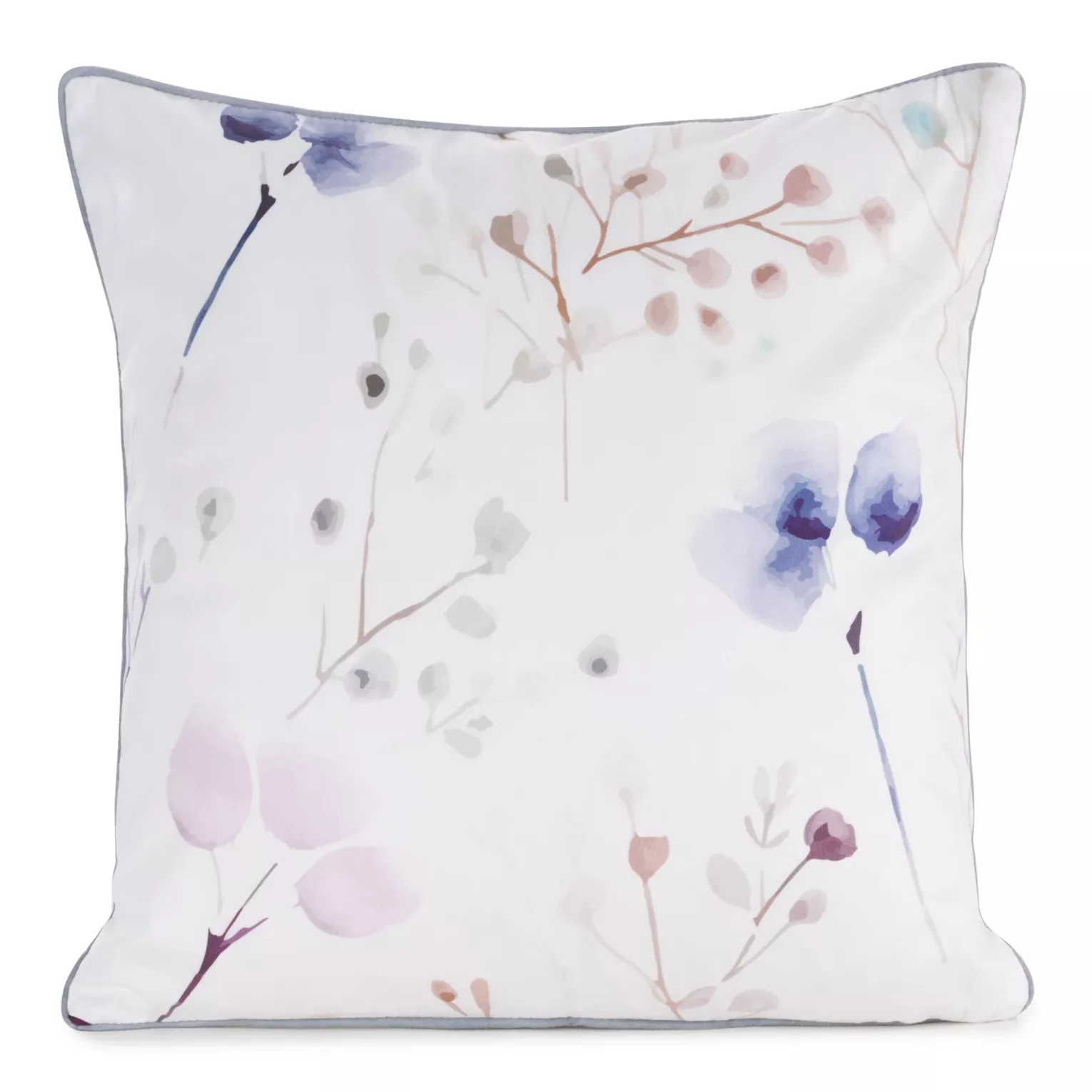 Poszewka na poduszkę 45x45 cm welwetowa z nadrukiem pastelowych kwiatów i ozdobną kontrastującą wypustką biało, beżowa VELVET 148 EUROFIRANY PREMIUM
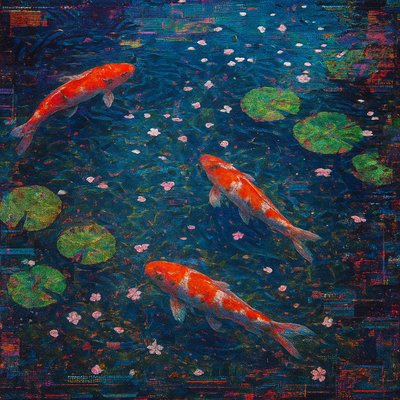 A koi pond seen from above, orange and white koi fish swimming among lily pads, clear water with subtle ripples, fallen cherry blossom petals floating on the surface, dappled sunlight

---

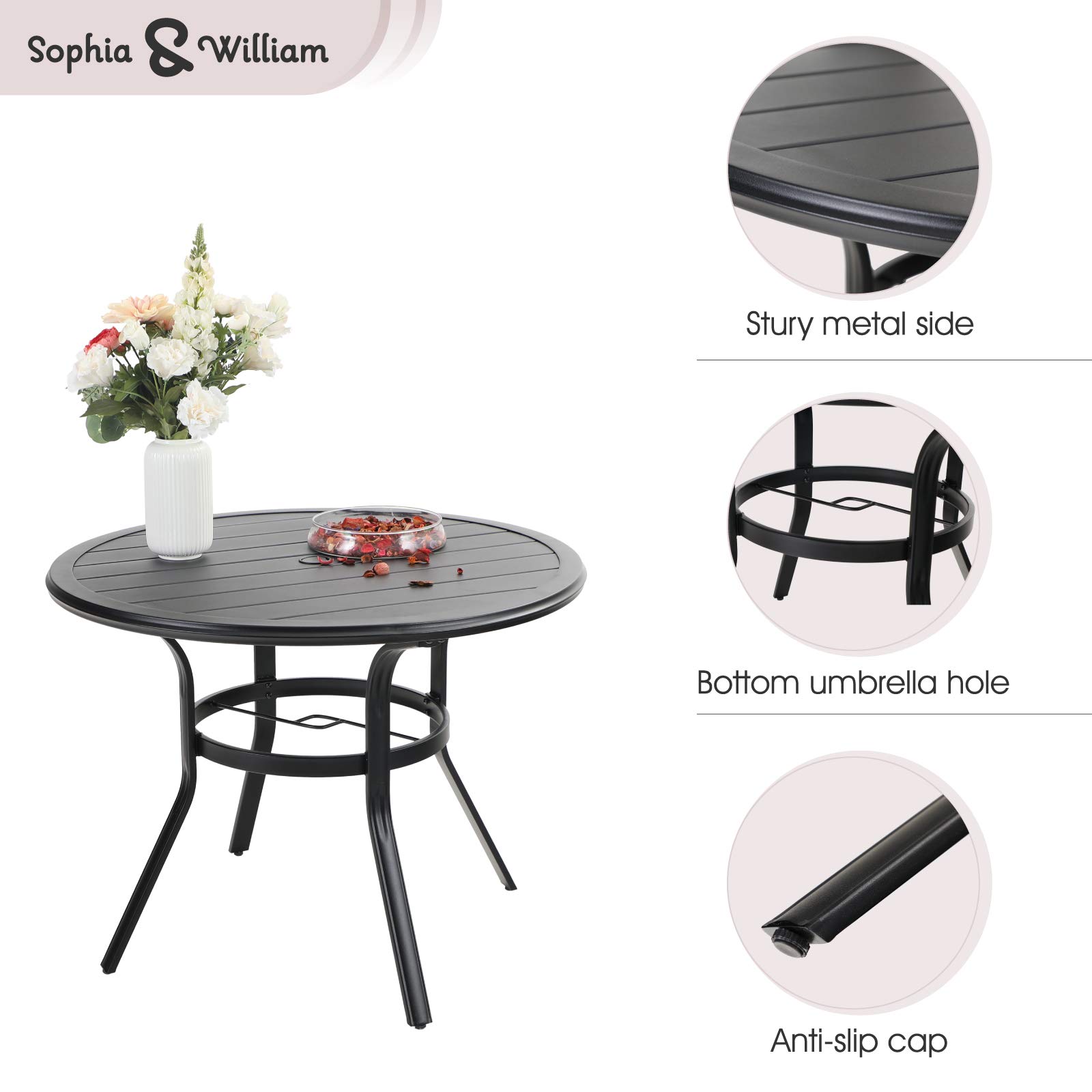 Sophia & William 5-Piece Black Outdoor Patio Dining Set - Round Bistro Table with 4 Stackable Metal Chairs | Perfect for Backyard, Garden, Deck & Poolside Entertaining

**TRY IT**
Reproduce the data above exactly, but only the lines from the one showing "Poszewka na poduszkę" through the one showing "A koi pond seen", with both ends kept and the pictures left out.

**TASK ANSWER**
 Poszewka na poduszkę 45x45 cm welwetowa z nadrukiem pastelowych kwiatów i ozdobną kontrastującą wypustką biało, beżowa VELVET 148 EUROFIRANY PREMIUM
 A koi pond seen from above, orange and white koi fish swimming among lily pads, clear water with subtle ripples, fallen cherry blossom petals floating on the surface, dappled sunlight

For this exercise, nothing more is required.